Metel hat den Behälter befestigt und sieht gerade noch, wie die letzten Atome von Matthias verschwinden. Er schaut in der Röhre nach oben. Es ist schon ein gewaltiges Bild, das er da vor Augen hat. Viel hat er in seinem früheren Kristallleben schon gesehen, aber das, was er im Augenblick erlebt, hat schon was. Doch was ist das? Er bemerkt, dass die Röhre instabil wird. Er schaut auf die Uhr. Verdammt noch mal, die Zeit ist abgelaufen. Er hat sich zu lange mit dem Kasten befasst. Was nun? Reicht die Zeit noch aus, Matthias zu folgen, oder soll er das Risiko eingehen sich nach oben zu teleportieren? Er entscheidet sich dafür, in das Innere des riesigen Objekts zu gelangen. Ein kurzer Blick nach oben zeigt ihm, die Röhre stürzt in sich zusammen. Glühendes Magma, in dem größere Brocken schwimmen, stürzen in dem entstehenden leeren Raum nach unten. Entsetzlich gefährlich und doch schön, geht es ihm durch den Kopf.

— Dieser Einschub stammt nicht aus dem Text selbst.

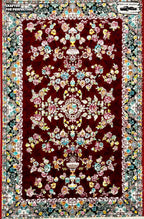 Red Persian - Design 11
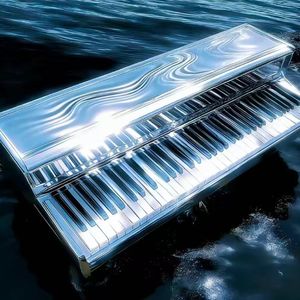 [FREE]“钢琴SAD街头旋律”Asen X sasi Type Beat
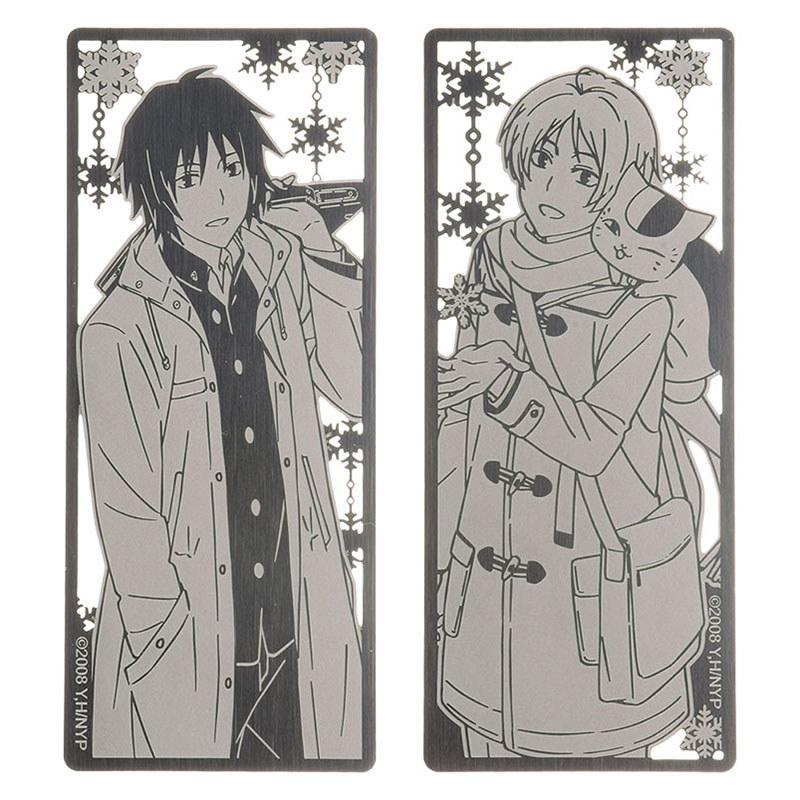 夏目友人帳 人氣正版授權熱銷專區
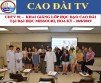 CDTV 91 – OPENING CEREMONY OF CAO DAI COURSE AT MISSOURI UNIVERSITY, USA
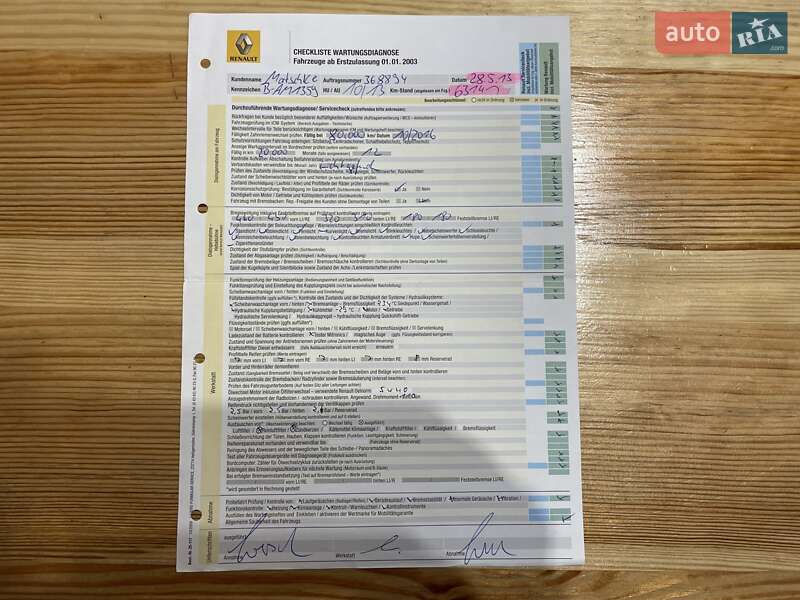 Минивэн Renault Kangoo 2010 в Сумах фото 78 Минивэн Renault Kangoo 2010 в Сумах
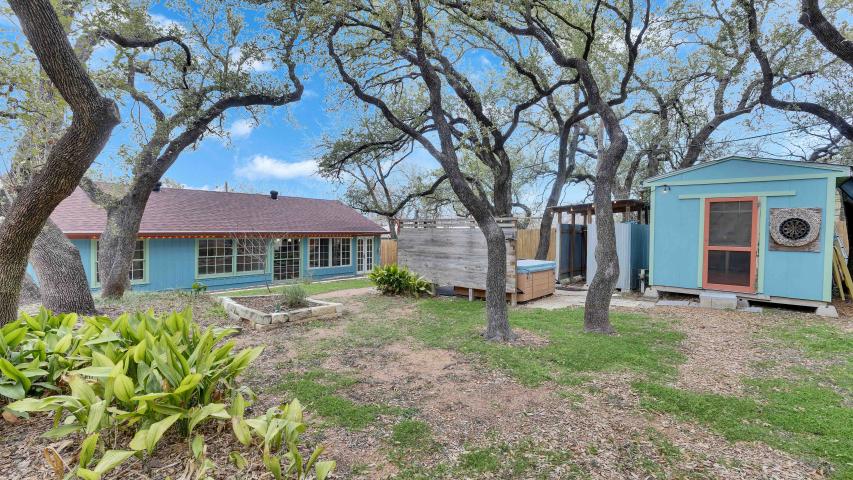 6815 Joyce Austin Texas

Metels Körper löst sich auf. Seine letzten Gedanken sagen ihm, wenn das schiefgehen sollte, dann schwimmen seine Atome im Erdinnern herum. Der Kristall in ihm kann nicht mehr allein überleben. Das ist der Preis des Körpers, den er nun besitzt. Nicht den Sekundenbruchteil eines Bedauerns durchfährt ihn. Im Gegenteil, er ist richtig glücklich. Das letzte Atom verschwindet im Grand Canon für Kleine, da platscht mit unglaublicher Heftigkeit das Magma auf die metallische Oberfläche des mysteriösen Körpers nieder. Der kleine Verstärkerkasten hält dem Ansturm aber stand. Er rührt und regt sich nicht. Der unglaubliche Druck scheint der Hülle des kleinen Kastens ebenfalls nichts anhaben zu können.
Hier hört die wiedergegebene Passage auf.